--- Dataset ---

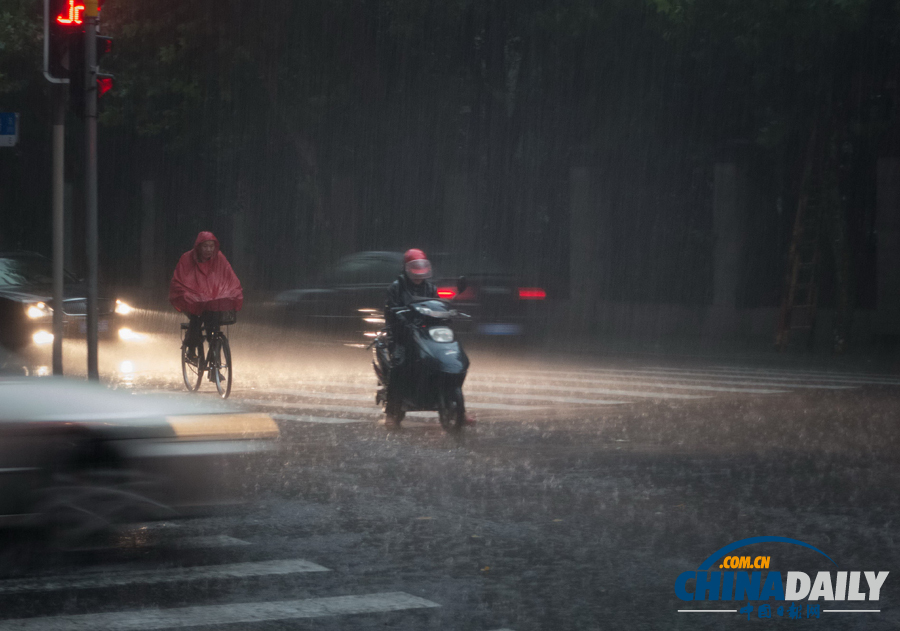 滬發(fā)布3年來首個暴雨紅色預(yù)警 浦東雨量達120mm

---
--- Dataset ---

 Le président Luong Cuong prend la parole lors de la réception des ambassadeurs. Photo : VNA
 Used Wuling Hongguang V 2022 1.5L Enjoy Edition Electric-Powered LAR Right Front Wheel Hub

---
--- Dataset ---

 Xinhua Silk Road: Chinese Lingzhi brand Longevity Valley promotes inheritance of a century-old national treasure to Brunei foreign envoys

---

**Problem**
Above are records; repeat only the lines starting at the line with "Le président Luong" and ending at the line with "Used Wuling Hongguang", exactly as they appear, both included.

**Exercise solution**
 Le président Luong Cuong prend la parole lors de la réception des ambassadeurs. Photo : VNA
 Used Wuling Hongguang V 2022 1.5L Enjoy Edition Electric-Powered LAR Right Front Wheel Hub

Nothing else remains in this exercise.